### [WORK TASK]
Copy the material below verbatim from the line with "Rare collectable postcards" to the line with "VOGUE JAPAN (ヴォーグジャパン) 2026年9月号", both lines included, omitting pictures and every line outside that range.

___ INPUT RECORDS

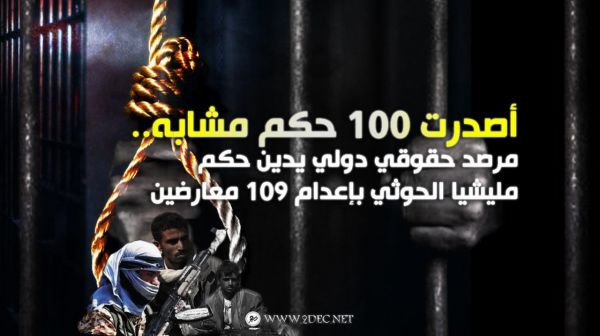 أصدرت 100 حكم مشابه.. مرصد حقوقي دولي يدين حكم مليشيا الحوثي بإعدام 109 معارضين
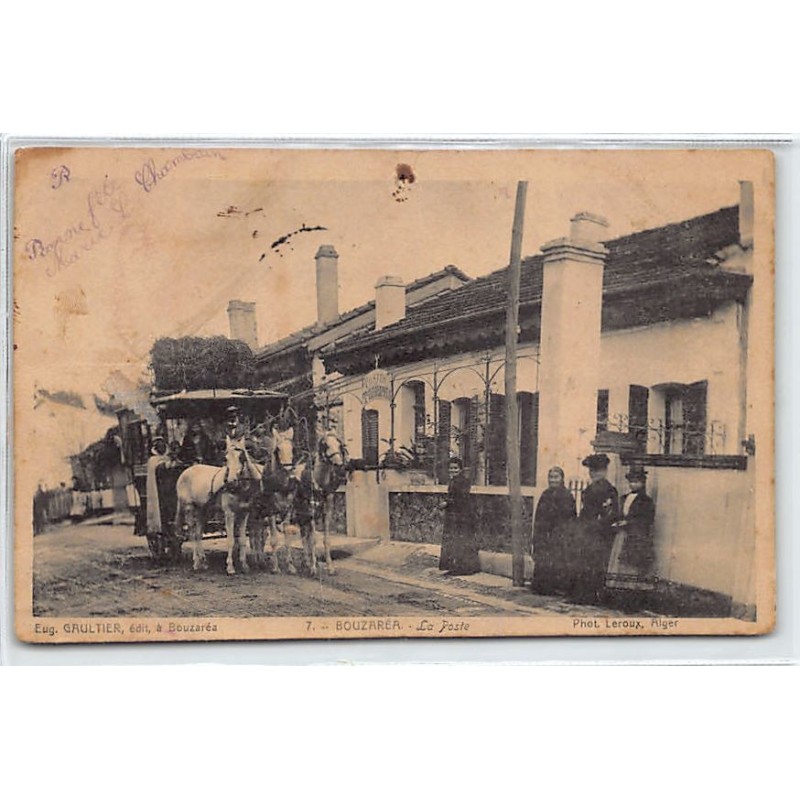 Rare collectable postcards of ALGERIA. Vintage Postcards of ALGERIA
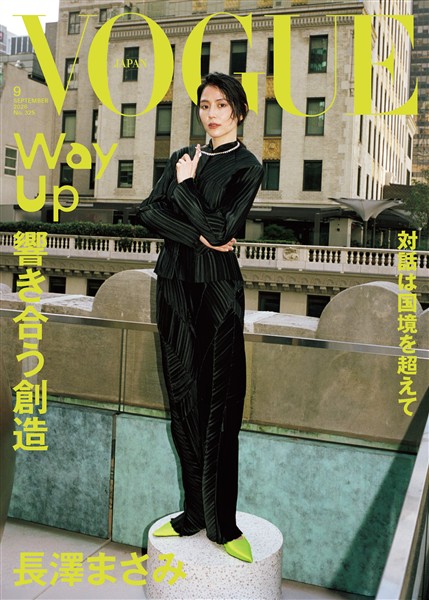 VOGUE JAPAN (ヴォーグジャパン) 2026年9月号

______
___ INPUT RECORDS

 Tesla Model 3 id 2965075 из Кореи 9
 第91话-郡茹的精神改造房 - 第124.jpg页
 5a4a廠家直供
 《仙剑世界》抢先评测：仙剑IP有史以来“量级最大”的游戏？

______
___ INPUT RECORDS

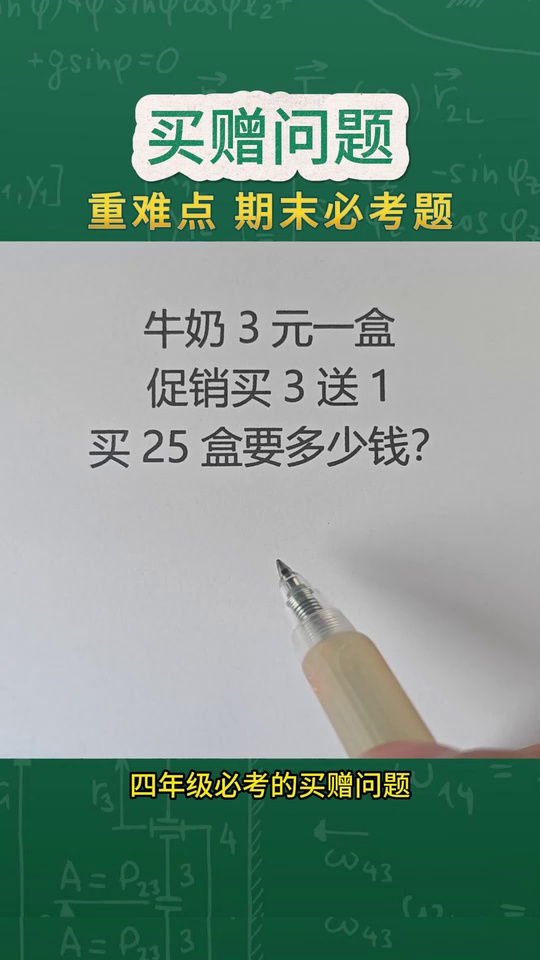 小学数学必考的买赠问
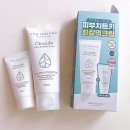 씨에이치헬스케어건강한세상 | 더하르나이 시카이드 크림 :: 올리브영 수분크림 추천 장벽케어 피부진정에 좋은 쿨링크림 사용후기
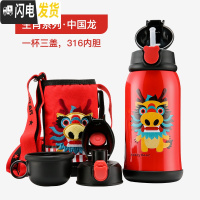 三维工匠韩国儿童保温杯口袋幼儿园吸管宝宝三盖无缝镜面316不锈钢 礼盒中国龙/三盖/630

______

### [COMPLETED EXERCISE]
 Rare collectable postcards of ALGERIA. Vintage Postcards of ALGERIA
 VOGUE JAPAN (ヴォーグジャパン) 2026年9月号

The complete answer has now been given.